Drunk driving has always been a problem, and a leading cause of traffic accidents throughout the country. Multiple organizations, including law enforcement, schools, and independent groups have lobbied for greater safety education and emphasis on the dangers of driving while intoxicated. So why is it that 2016 was one of the worst years on record for drunk driving?
According to a recent report, 10,265 people were killed in 2015 (the last year on record), and data suggests that 2016 was an even deadlier year. Every day, 28 people are killed by a drunk driver-which adds up to 1 every 51 minutes or so. Every year, the total cost of alcohol-related crashes exceeds $44 billion.
You know that drinking and driving is bad; you’ve been told this many times before, and have likely reminded your friends or loved ones about this in the past as well. We also know the statistics, and publish them in an effort to reduce the negative impact of intoxicated driving. Intuitively, these numbers should be decreasing, but they aren’t.
There are a few possible reasons why these numbers aren’t decreasing:
- Alcohol consumption changes. There are currently more than 15 million people in the United States with alcohol abuse disorders. Rates of both alcohol consumption and alcohol abuse have risen consistently over the past several years. Drinking alcohol regularly doesn’t necessarily increase the prevalence of drunk driving, but it’s more likely for a person to drive while drunk if they frequently abuse alcohol. The increased number of alcohol abusers and alcohol dependents could be indirectly responsible for the increase in drunk driving deaths.
- Limited accountability. In some areas, a tavern or establishment serving alcohol can be held liable for a crash resulting from a drunk driver previously at that establishment. However, this legal ruling isn’t the norm everywhere. For the most part, only the driver directly responsible for driving under the influence will be charged after causing an accident. If punitive measures were more severe for establishments, it could be more effective than simple warnings and education programs about the dangers of drunk driving; more people would be forced to take action against would-be drunk drivers.
- Education failings. Collectively, we’ve been able to greatly increase the visibility and prominence of anti-drunk-driving messages. However, with the statistics showing that drunk driving is still a growing problem, it’s clear that there’s something ineffective in these messages. We may be saying the wrong things, speaking to the wrong audience, or displaying the messages in the wrong places.
- Demographic changes. Historically, males have been disproportionately responsible for drinking and driving, with 15 percent of men partaking in the act (compared to only 8 percent of women). However, the total number of women who drink and drive has increased by a surprising 36 percent over the course of the past decade. Still, this is only a minor effect, and only serves to complement the other contributing factors.
- Random statistical fluctuations.
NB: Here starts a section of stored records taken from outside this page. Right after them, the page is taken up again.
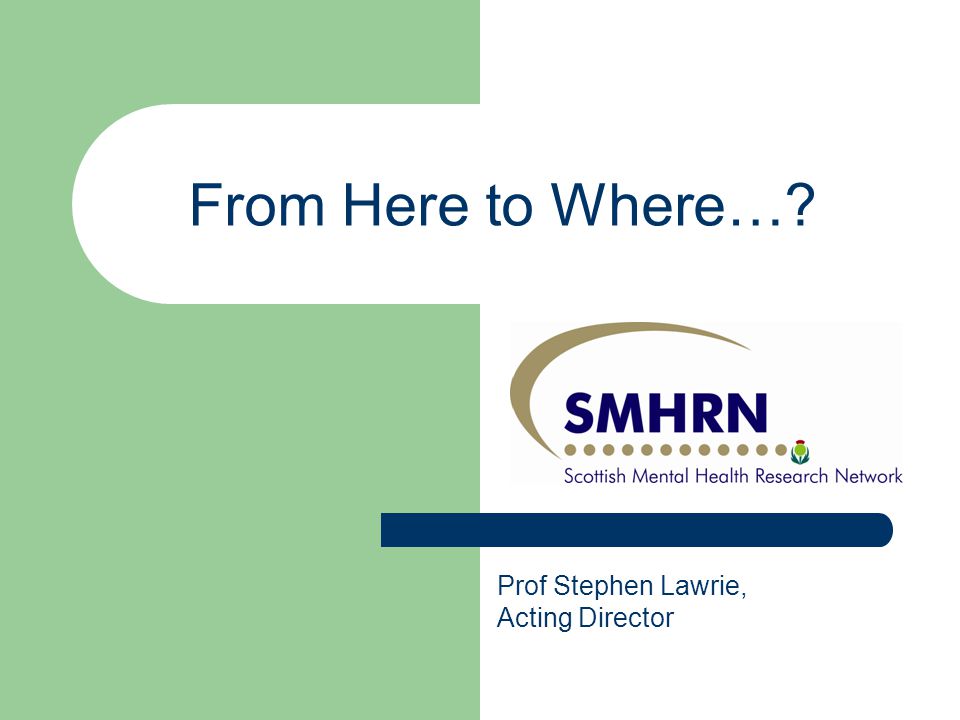 From Here to Where… Prof Stephen Lawrie, Acting Director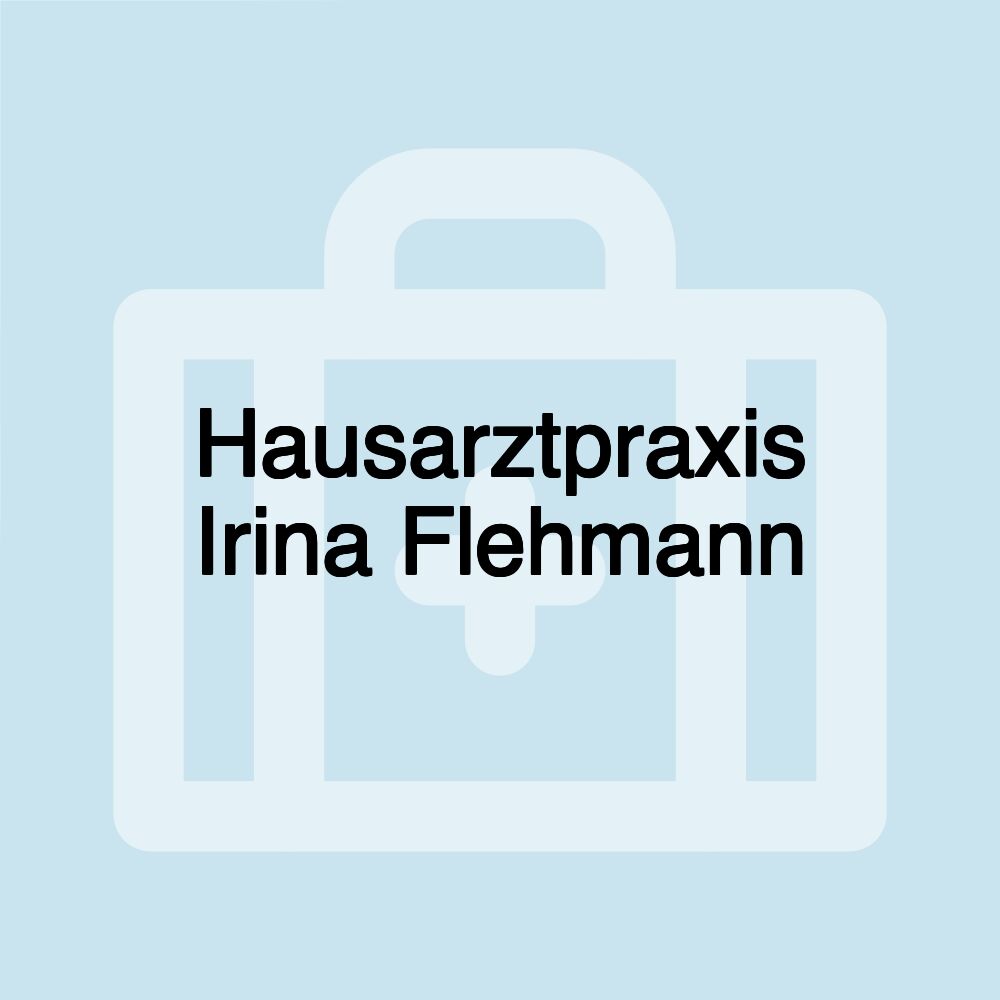 Hausarztpraxis Irina Flehmann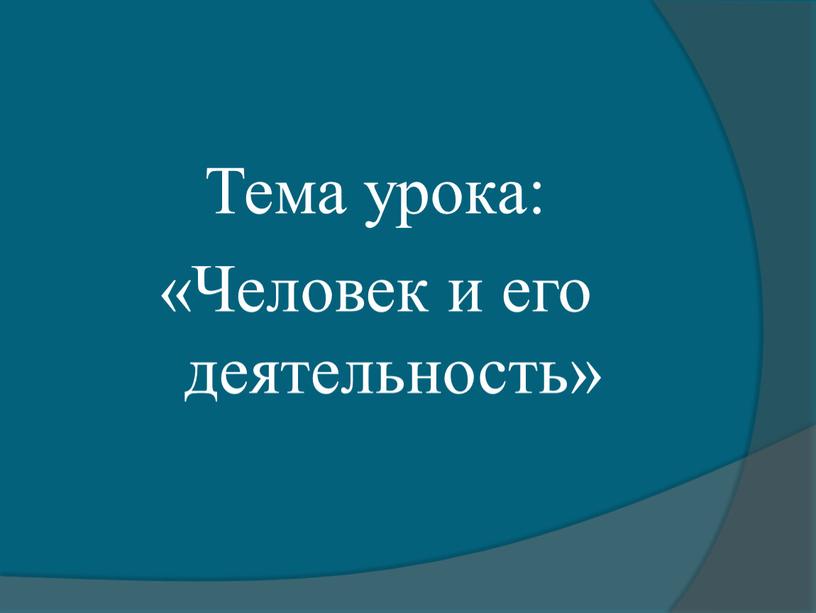 Тема урока: «Человек и его деятельность»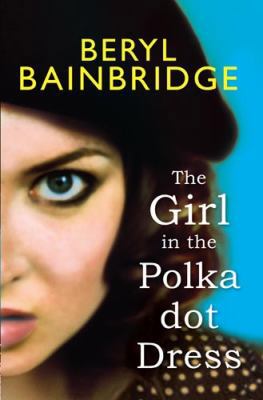 Girl In The Polka Dot Dress 1408701499 Book Cover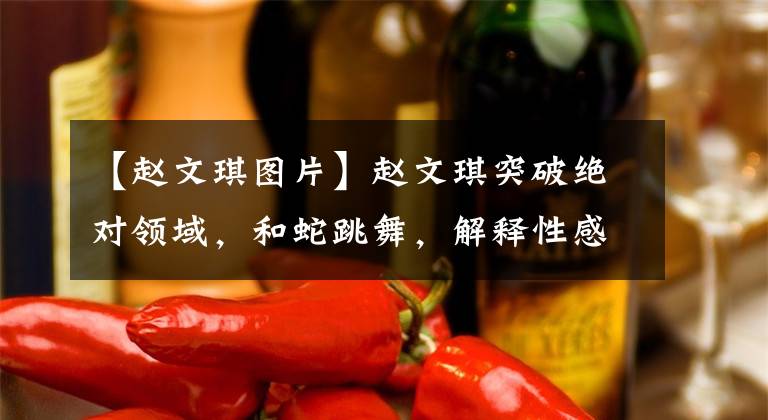 【赵文琪图片】赵文琪突破绝对领域,和蛇跳舞,解释性感诱惑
It is possible that the recent increases aren’t tied to any objectively reasonable influence; instead, it could be a random fluctuation, and in a few years, the numbers may fall back to where they were initially. There will always be some percentage of people who drink and drive, especially since drinking and driving is so common for repeat offenders, so the recent increases may not be a permanent rise.
It’s hard to say exactly why the number of drunk driving cases is increasing, but its increase is alarming, nonetheless. With 28 people dying every day due to intoxicated driving, there’s more we can do as a society to stop or slow these preventable deaths. If you consume alcohol, find a way home that doesn’t involve driving, and if you see someone drinking excessively, don’t let them drive. Even small contributions like these can help curtail the growth we’re seeing in this nationwide problem.